Asset Managers are currently dealing with the Shareholders Rights Directive II, whose implementation in local law in Europe is due to take place as of June 2019. Find the text of the SRD II here.
In this post we will discuss the aims underpinning this European initiative and highlight the main obligations recently imposed on Asset Managers by the Shareholders Rights Directive II.
The background to the Shareholders Rights Directive
The first version of the Shareholders Rights directive dates back to 2007. We can consider it in its own right as a product of the regulatory response at European level to the financial crisis of those years. The focus of the directive is on corporate governance and the need to ensure that shareholders can exercise the rights attached to their voting shares in such companies that either have a registered office, or are traded on a regulated market, in Europe.
The revised directive is based on the same understanding that shareholders play a very relevant role in the governance of those companies, coupled to the acknowledgment that the financial crisis has demonstrated how often times shareholders have sustained a short-term approach when dealing with companies they are invested in rather than a long term one. The short-termism adopted – both on risk taking and returns – has been accompanied by a general lack of involvement in the activities and the governance of those companies by their investors.
Why Asset Managers should be concerned about the Shareholders Rights Directive II
The same very experience of the over ten years from first implementation of the directive has demonstrated that asset managers and institutional investors are most often majority shareholders of companies that are both domiciled and listed in Europe. They play a very important role both in the corporate governance as well as the implementation of the long-term vision and objectives of those companies. The proper engagement of these types of investors is of paramount importance to promote the long-term view in the activities and results of these companies, including the adoption of environmental and social factors in their overall plan and vision. However, the pressure on performance exerted by capital markets and the timing of periodical revision of portfolios of investments has sustained the disengagement of those type of investors and jeopardised accordingly the long term financial and non-financial performance of those companies.
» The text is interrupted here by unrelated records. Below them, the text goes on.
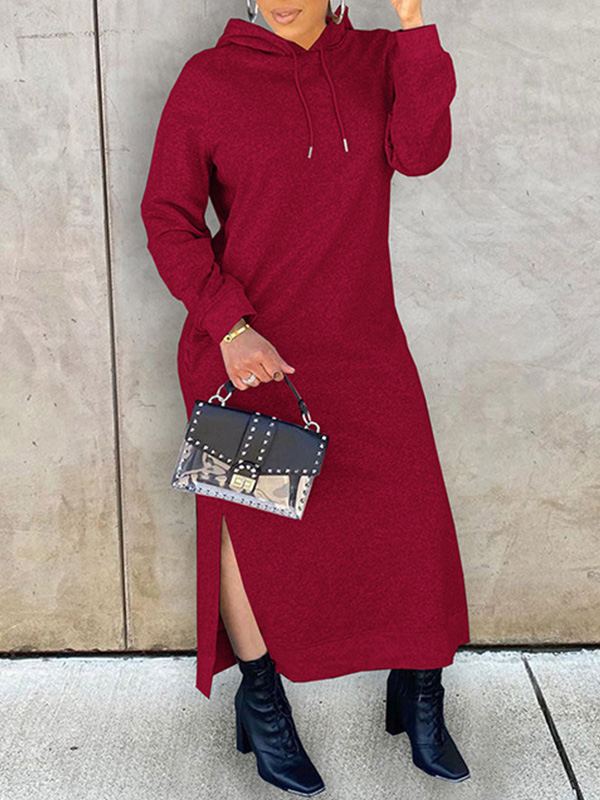 Goosudu Solid Slit Hoodie Dress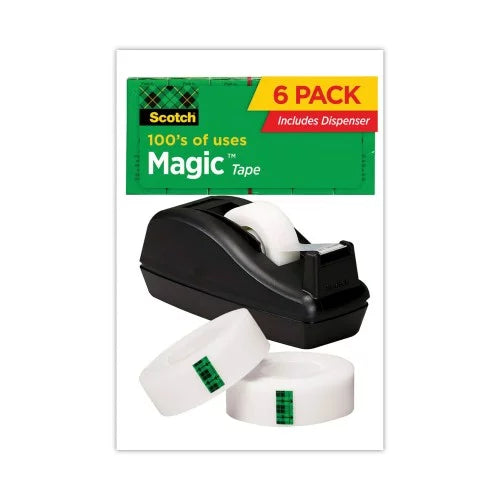 Scotch-Scotch Magic Tape Desktop Dispenser Value Pack; 1" Core; 0.75" x 83.33 ft; Clear (810C40BK)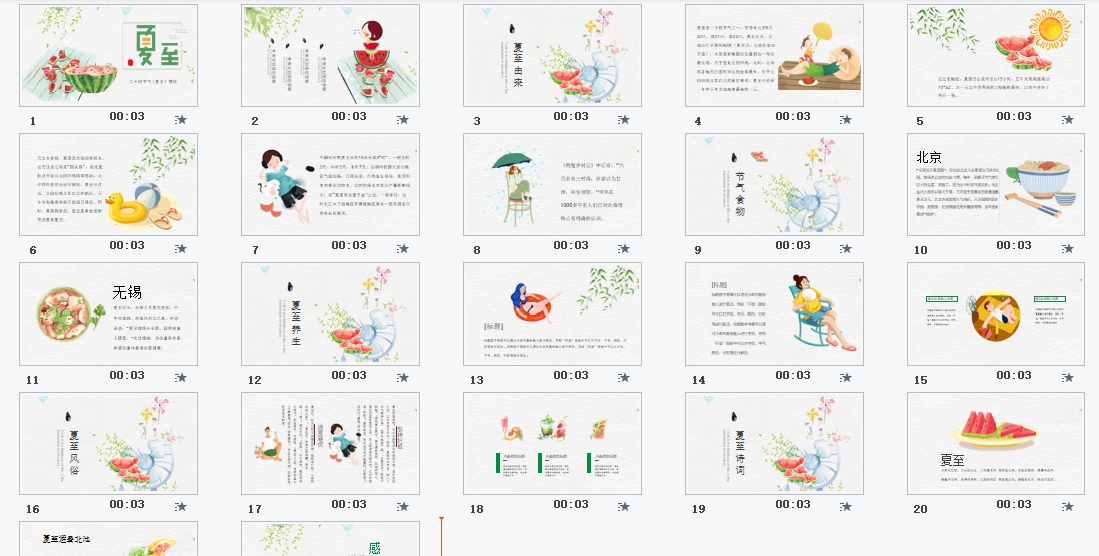 夏至节气精美PPT模板素材 v1.6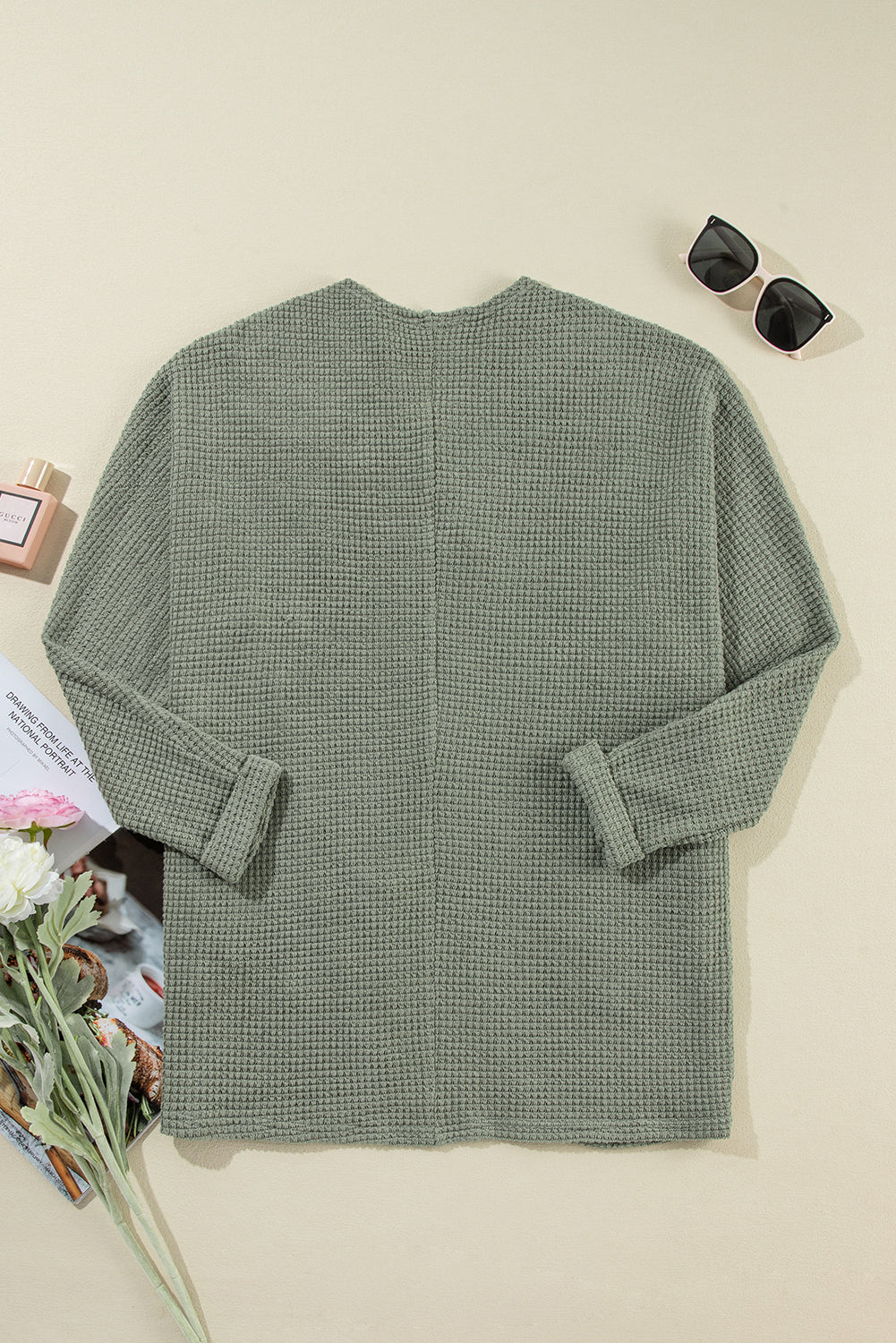 Cardigan ouvert en tricot gaufré vert laurier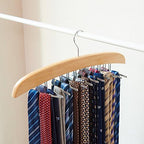 EZOWare 2 PC Belt Tie Hanger Racks, 24 Clip Hook Wooden Holder with 360 Degree Rotating for Hanging Storage Organizer, Men Closet Accessory, Women Tank Top, Scarves, Bras, Camisoles - Beige - Image 2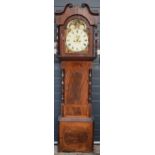 19th century mahogany longcase clock with arched rolling moon dial, with pendulum and weights, 222cm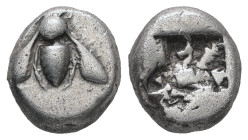 Ionia, Ephesos. AR Hemidrachm, 1.70 g 10.32 mm. Circa 550-500 BC. Lydo-Milesian standard. 
Obv: Bee; no border 
Rev: Incuse square. 
Ref: Karwiese Ser...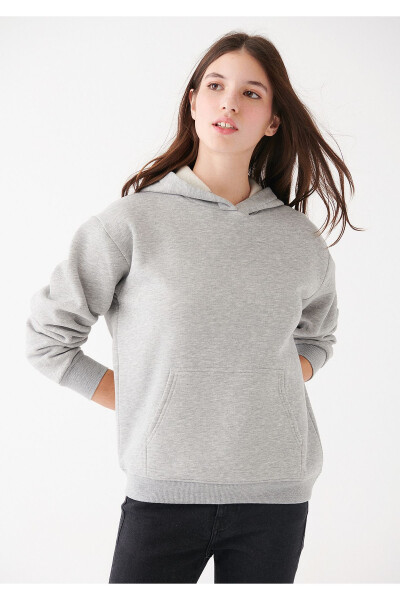 Kadın Kapüşonlu Gri Basic Sweatshirt 167299-82816 - 1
One other sign of the said disengagement is also a lack of sufficient transparency by both asset managers and institutional investors about both their strategies and overall engagement policies and results thereof. Disclosure of such information would benefit investor awareness and strengthen the accountability of those companies towards their investors.
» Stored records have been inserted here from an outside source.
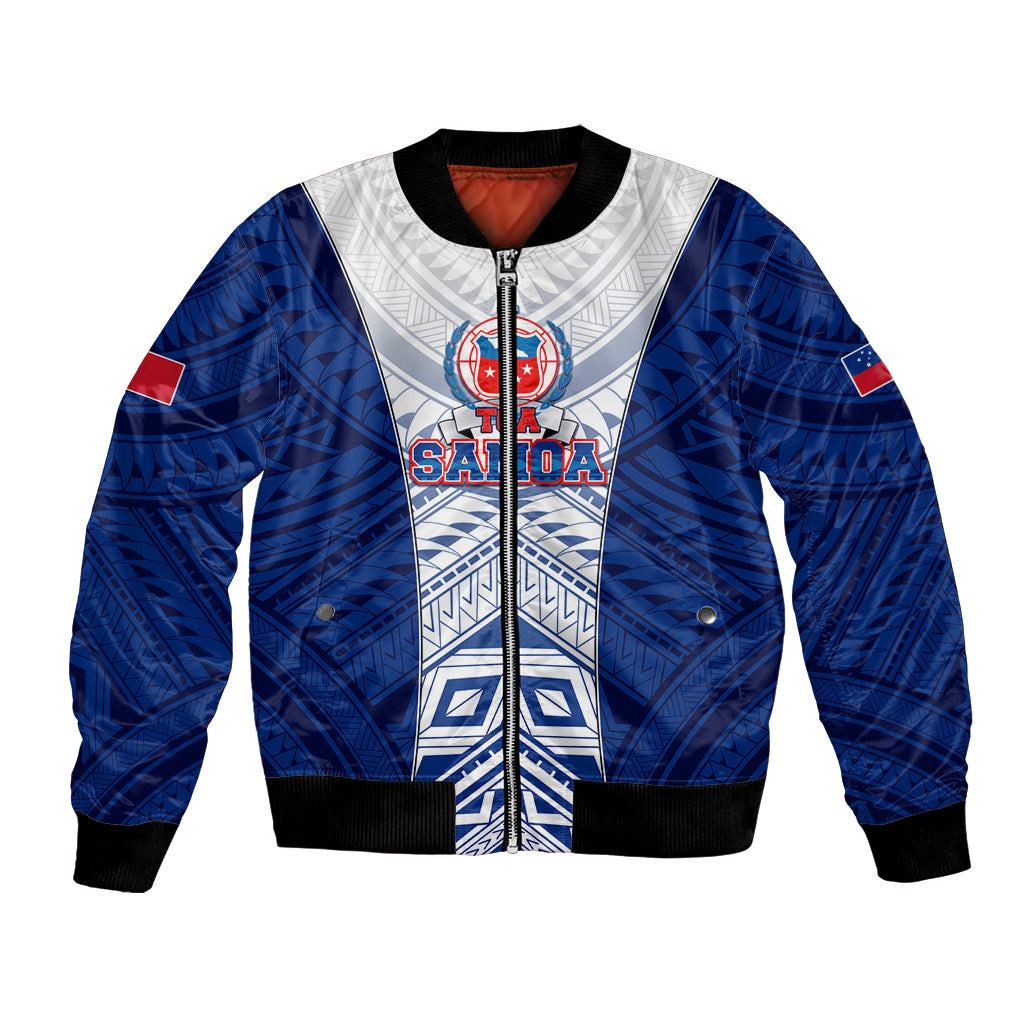 Custom Samoa Rugby Bomber Jacket 2023 Pacific Championships Polynesian Pattern LT05 Unisex Blue - Polynesian Pride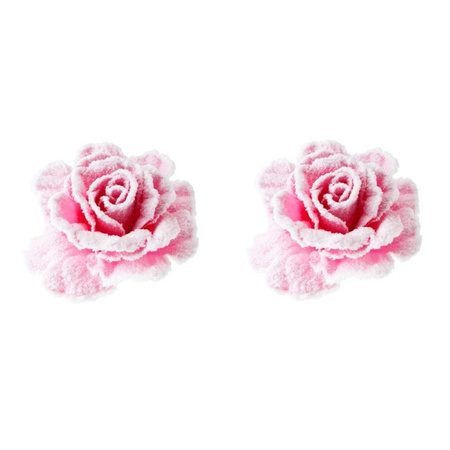 2x pieces pastel pink roses with snow on clip 10 cm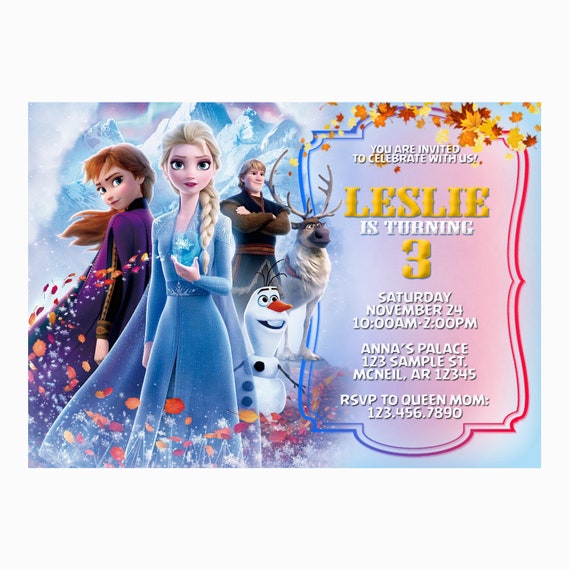 Frozen 2 Invitation, Frozen 2 Birthday Invitation, Frozen 2 Printable Invitation, Frozen 2 Digital Invitation Il_570xn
What Asset Managers should do to be in line with the Shareholders Rights Directive II
Compliance for Asset Managers with the requirements imposed by the Shareholders Rights Directive II will take place at their operational level and the actions and measures required will be in some respects and to a certain extent similar to the ones imposed on institutional investors. Of course, the directive will be implemented with some room for difference in the various EU Member States, however generally Asset Managers will have to develop their own policies for shareholder engagement.
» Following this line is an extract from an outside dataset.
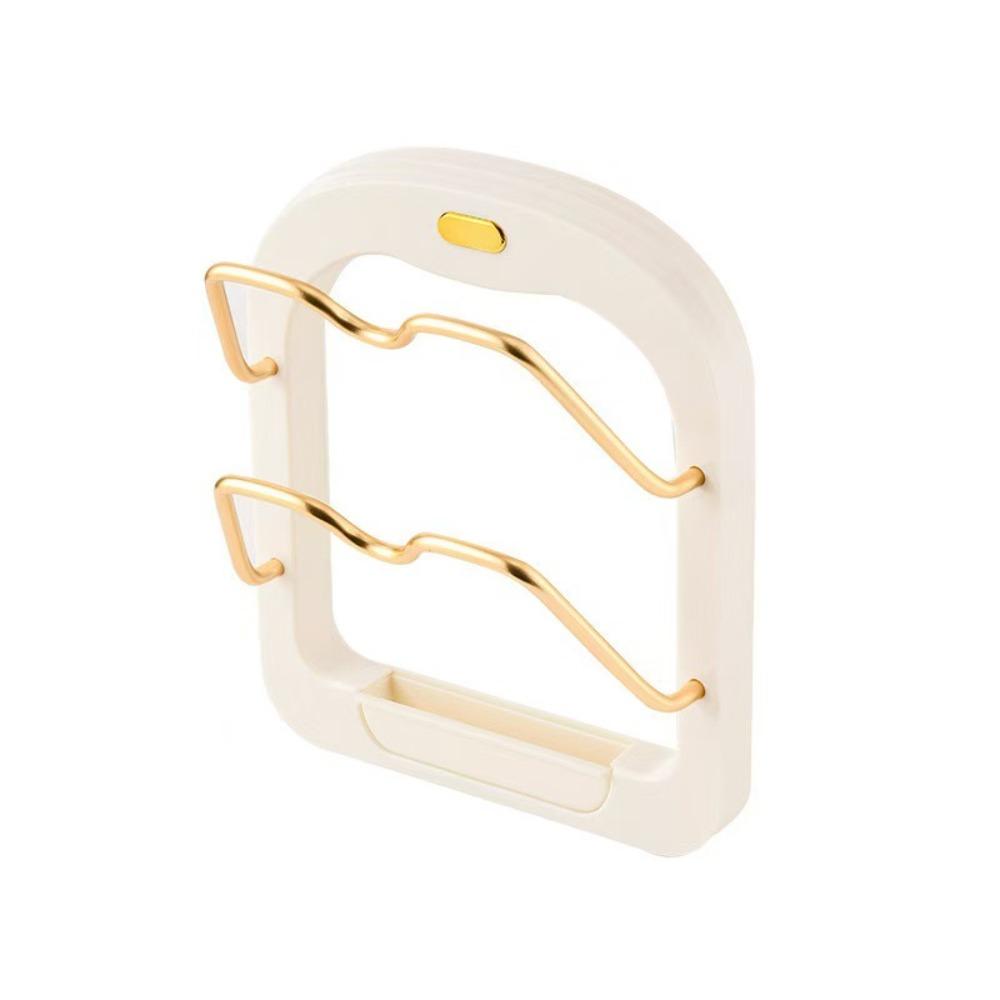 

Wall Mounted Pot Lid Holder Punch-free Pot Lid Draining Shelf Spatula Holder Kitchen Supplies білий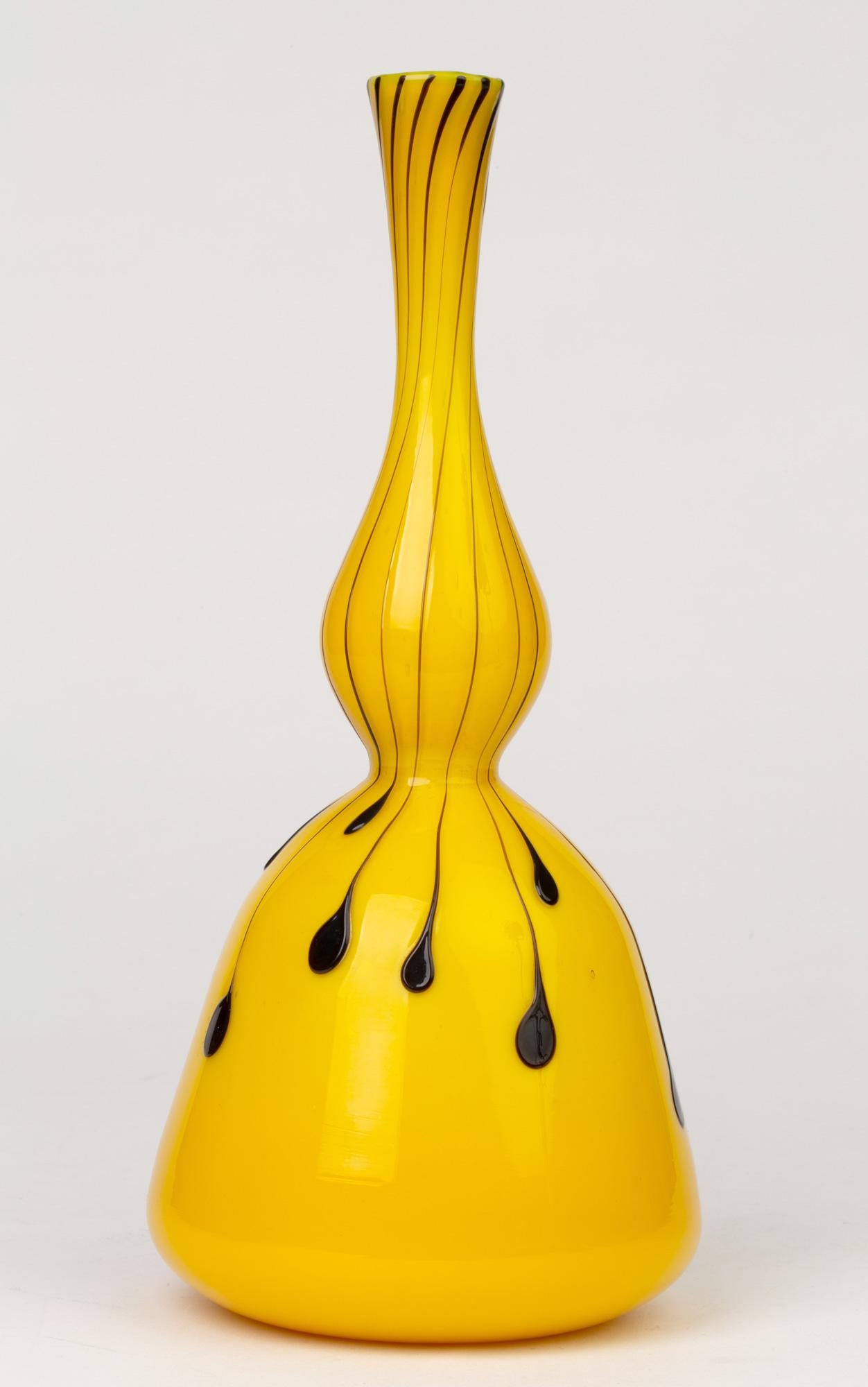 Fratelli Toso Murano Yellow Art Glass Mallet Shaped Vase For Sale 2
Those policies should establish and explain how the specific investment strategies are reflective and integrate shareholder engagement and how investee companies are monitored, including their implementation of broader social and environmental factors and risks in their overall plans. The policies should also tackle the issue of conflicts of interests, especially for what concerns the provision of financial services, for instance, by the asset manager to the investee companies. The policy will have to be disclosed and also provided on an ongoing basis to investors.
It is noteworthy to mention that the revised directive allows for asset managers to explain the reasons why they will not develop a policy under the Shareholders Rights Directive II or disclose the implementation or results of any such developed policy.
Considerations for non-EU Asset Managers
European Asset Managers should already be in compliance with the Shareholders Rights Directive II. But what about non-European Asset Managers? Are they required to comply with the requirements of the Shareholders Rights Directive II?
In this case the legal considerations related to the nature of European directive of the initiative are intertwined with the actual investment strategies of non-EU asset managers, as well as their client base and their demands. Often times when assessing the risks inherent to non-compliance with European regulation by non-EU managers there are also commercial elements that tend to be prevailing.
Realistically, not only Asset Managers are affected by the Shareholders Rights Directive II but also institutional investors. The same institutional investors whose investments are very much sought after by non-EU managers. Accordingly, we may expect that these investors will embed going forward, if not already, the shareholder engagement policies and other reports in the list of items for which they will have to be able to tick the box accordingly before they can make an investment. Strategies will be a defining factor for compliance, given that the directive applies only to companies that are domiciled or traded in Europe.
For sure we will hear more about the practice developed by Asset Managers on the Shareholders Rights Directive II in the near future, however we all have a feeling that this will be one more item to consider for non-EU managers interested in offering their strategies to institutional investors based in Europe.